WHAT IS NEEDED:
From the data that follows, set down exactly the lines from the one with "Killers and Helpers: How" through the one with "Esto es solo", counting both. Pictures stay out.

*** Opening of INPUT DATA ***

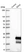 Anti-EDN2 Antibody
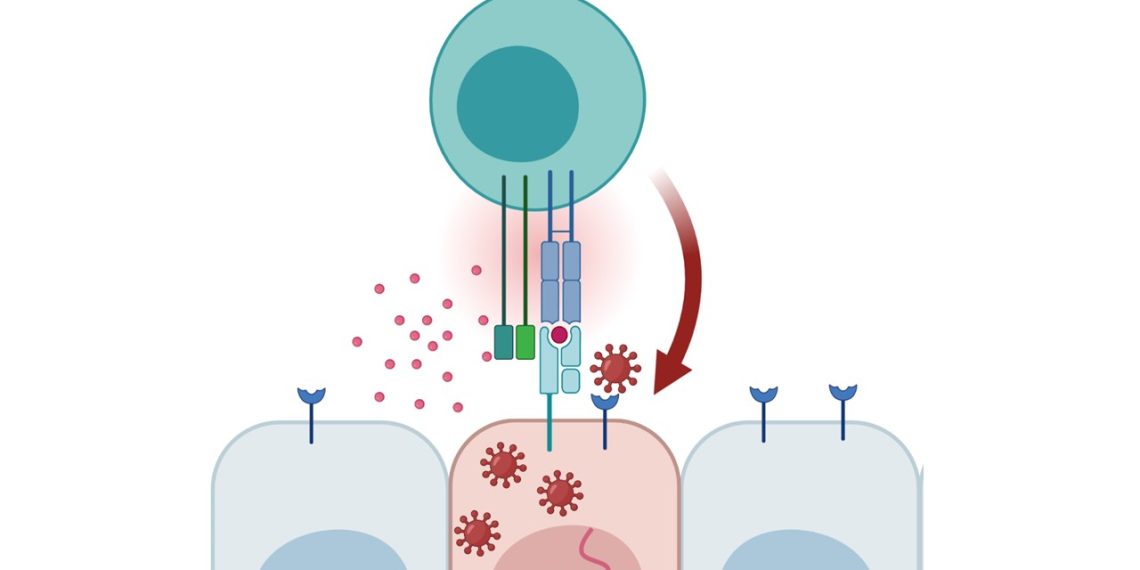 Killers and Helpers: How T Cells Acknowledge SARS-CoV-2
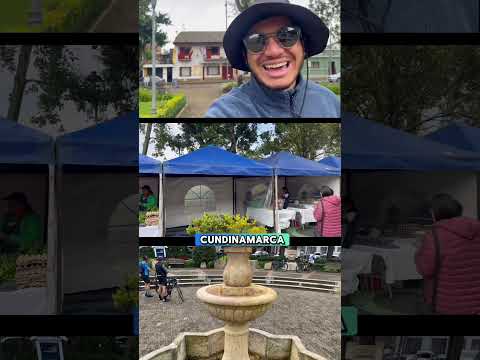 Esto es solo un poco de todo lo que pudimos encontrar en #sopo #cundinamarca #viral #paisajes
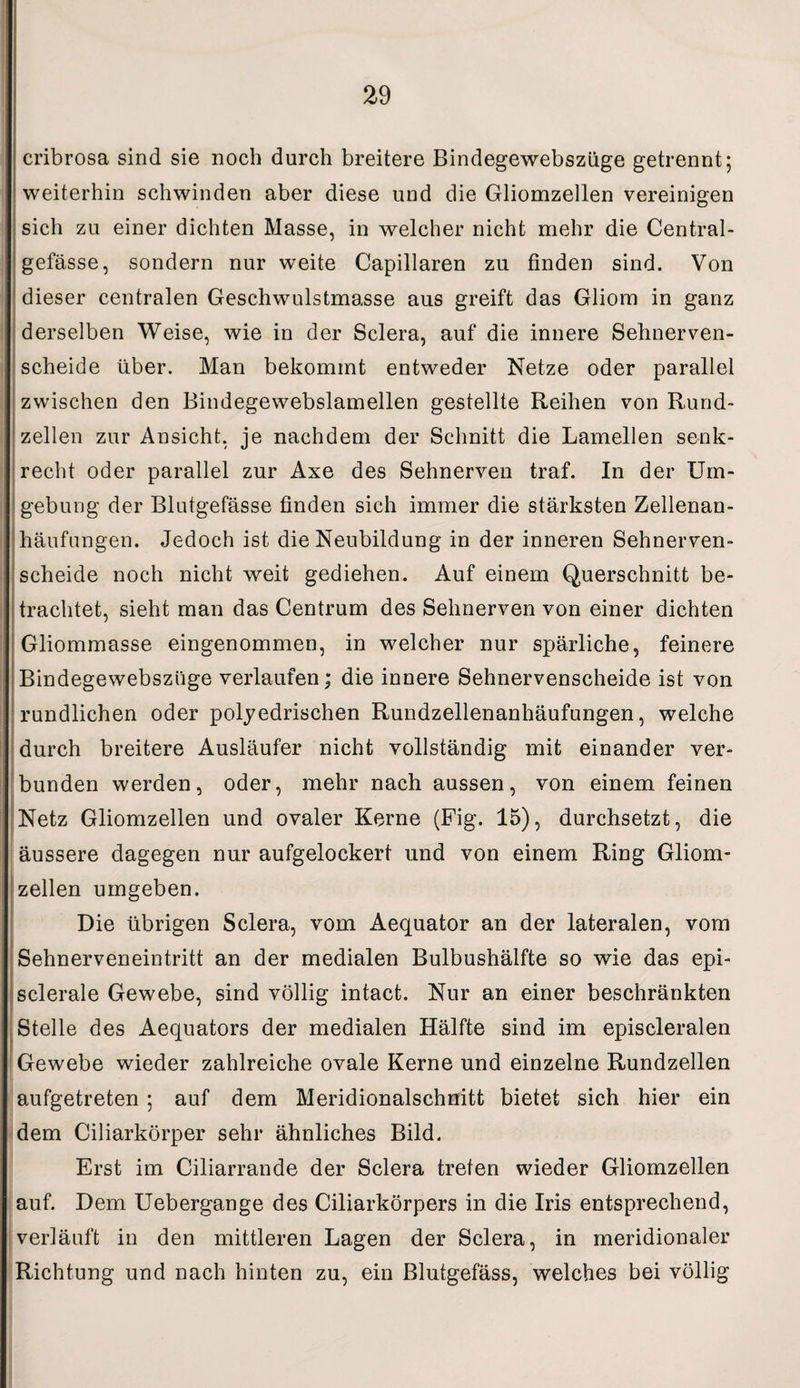 cribrosa sind sie noch durch breitere Bindegewebszüge getrennt; weiterhin schwinden aber diese und die Gliomzellen vereinigen sich zu einer dichten Masse, in welcher nicht mehr die Central- gefässe, sondern nur weite Capillaren zu finden sind. Von dieser centralen Geschwulstmasse aus greift das Gliom in ganz derselben Weise, wie in der Sclera, auf die innere Sehnerven¬ scheide über. Man bekommt entweder Netze oder parallel zwischen den Bindegewebslamellen gestellte Reihen von Rund¬ zellen zur Ansicht, je nachdem der Schnitt die Lamellen senk¬ recht oder parallel zur Axe des Sehnerven traf. In der Um¬ gebung der Blutgefässe finden sich immer die stärksten Zellenan¬ häufungen. Jedoch ist die Neubildung in der inneren Sehnerven¬ scheide noch nicht weit gediehen. Auf einem Querschnitt be¬ trachtet, sieht man das Centrum des Sehnerven von einer dichten Gliommasse eingenommen, in welcher nur spärliche, feinere Bindegewebszüge verlaufen; die innere Sehnervenscheide ist von rundlichen oder polyedrischen Rundzellenanhäufungen, welche durch breitere Ausläufer nicht vollständig mit einander ver¬ bunden werden, oder, mehr nach aussen, von einem feinen Netz Gliomzellen und ovaler Kerne (Fig. 15), durchsetzt, die äussere dagegen nur aufgelockert und von einem Ring Gliom¬ zellen umgeben. Die übrigen Sclera, vom Aequator an der lateralen, vom Sehnerveneintritt an der medialen Bulbushälfte so wie das epi- ■ sclerale Gewebe, sind völlig intact. Nur an einer beschränkten Stelle des Aequators der medialen Hälfte sind im episcleralen Gewebe wieder zahlreiche ovale Kerne und einzelne Rundzellen aufgetreten; auf dem Meridionalschnitt bietet sich hier ein dem Ciliarkörper sehr ähnliches Bild. Erst im Ciliarrande der Sclera treten wieder Gliomzellen auf. Dem Uebergange des Ciliarkörpers in die Iris entsprechend, verläuft in den mittleren Lagen der Sclera, in meridionaler Richtung und nach hinten zu, ein Blutgefäss, welches bei völlig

*** Close of INPUT DATA ***

RESPONSE AREA:
 Killers and Helpers: How T Cells Acknowledge SARS-CoV-2
 Esto es solo un poco de todo lo que pudimos encontrar en #sopo #cundinamarca #viral #paisajes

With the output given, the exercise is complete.